In the second floor the visitor finds two spaces that represent the rooms leased by Jefferson. The curious thing is that, although nothing of what is found there is original of the time (these are mere replicas of the furniture arranged to provide an artificial sense of what happened in this lot 341 years ago), both rooms are located separately and isolated from the public by means of a glass.
The first thing that occurs to the visiting journalist is that, given the dimensions of the bed, Jefferson must have been a rather thin man of average height. The bedroom is set up in such a way that it gives the impression of observing a classic painting of the time in which it was tried to portray perhaps the exact moment in which "Declaration in hand" the Virginia man ran from the place towards the then Pennsylvania State House (now Independence Hall) leaving behind the messy bed, a pair of boots, an empty punch bag, dirty underwear in a basket and a faded jacket hanging on the closet door.
In reviewing the site, the journalist can’t stop thinking about the man behind the story. How is it that with only 33 years of age he manages to write such a definitive and resistant text? No doubt he must have had an overwhelming personality, a defiant intelligence and a judgment so strong, that it could face all contradictions.
"He was going through many things at once in his personal life: his mother had recently passed away; Jane, his younger daughter had died too; Martha, his wife, was escaping from the British army ... it is clear that his mind was more in Virginia than here in Philadelphia", Duncan points out.

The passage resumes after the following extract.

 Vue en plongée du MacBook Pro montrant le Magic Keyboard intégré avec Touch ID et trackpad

Although the two rooms - the bedroom and the study - do not reflect the spirit of the author of the Declaration of Independence, its artifacts, the furniture inspired by the time and the artificiality of most objects, tell an important chapter of the history of the United States: in 17 days, a man from Virginia, known for his talent with letters, wrote the foundational document of one of the most powerful nations in the world, a document whose revolutionary ideas spread throughout the continent and changed the global political order forever.
This house, extremely simple in appearance and sadly artificial, nevertheless keeps that account that still today justifies the rebellion of men when a government attacks their most precious rights: that of life, freedom and the pursuit of happiness.

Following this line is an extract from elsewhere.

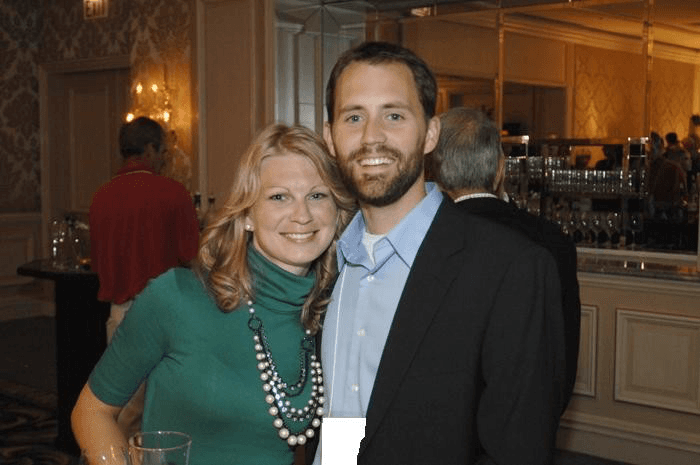 Click to view full size Cute strawberry blonde girlfriend loves big gooey cum facials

Although history makes Thomas Jefferson the author of the Declaration of the Independence of the United States, the truth is that the task of writing that text was entrusted by the Second Continental Congress to a committee of five representatives: Benjamin Franklin, for Pennsylvania; Robert Livingston, of New York; Roger Sherman of Connecticut; And John Adams of Massachusetts.
At the begining, Adams - known for his well-versed oratory skills- was called to draft the document, but the Massachusetts representative promoted Jefferson as the most qualified member of the Committee for the task.
Although there are no records that sufficiently inform how the Committee of Five worked, tradition indicates that they discussed the general lines, and Jefferson was in charged of putting together the list of grievances against king George III with which the colonies justified their separation from the English Crown.
After several revisions and corrections were made - including avoiding of any mention of slavery - the document was approved by Congress on July 4. It was until January 18, 1777, after the battles of Trenton and Pinceton that the statement was published with all the signatures of the delegates of the Second Continental Congress.